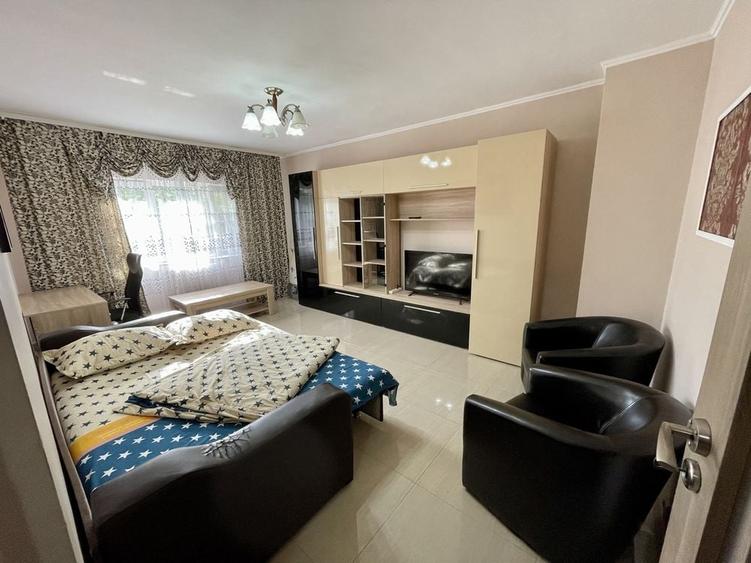 Spațiu comercial, de 52 mp, în Casa de Cultură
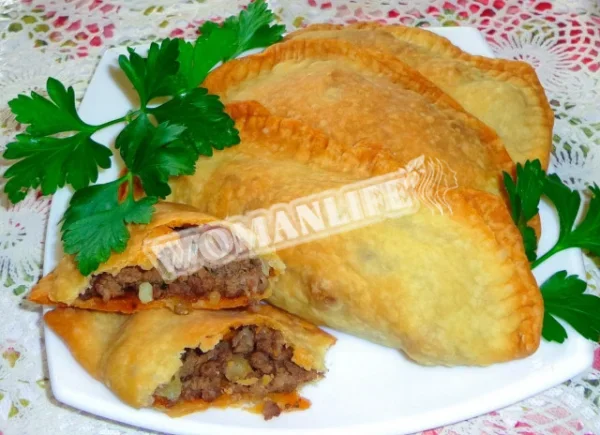 Чебуреки зі смаженим м'ясом
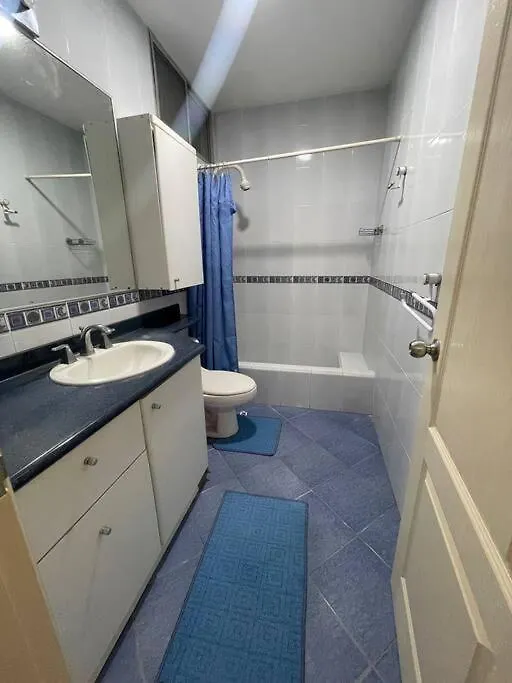 Apartamento Departamento En Kennedy Amplio Para Familia Guayaquil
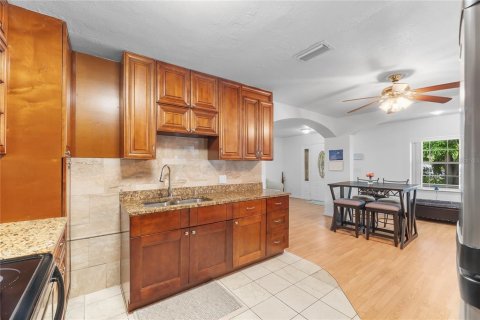 Villa ou maison à vendre à Saint Petersburg, Floride: 4 chambres, 183.39 m2 № 2232849 - photo 17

Task >> Reprint the whole listing above exactly, taking out the pictures.

Task answer >>
 Spațiu comercial, de 52 mp, în Casa de Cultură
 Чебуреки зі смаженим м'ясом
 Apartamento Departamento En Kennedy Amplio Para Familia Guayaquil
 Villa ou maison à vendre à Saint Petersburg, Floride: 4 chambres, 183.39 m2 № 2232849 - photo 17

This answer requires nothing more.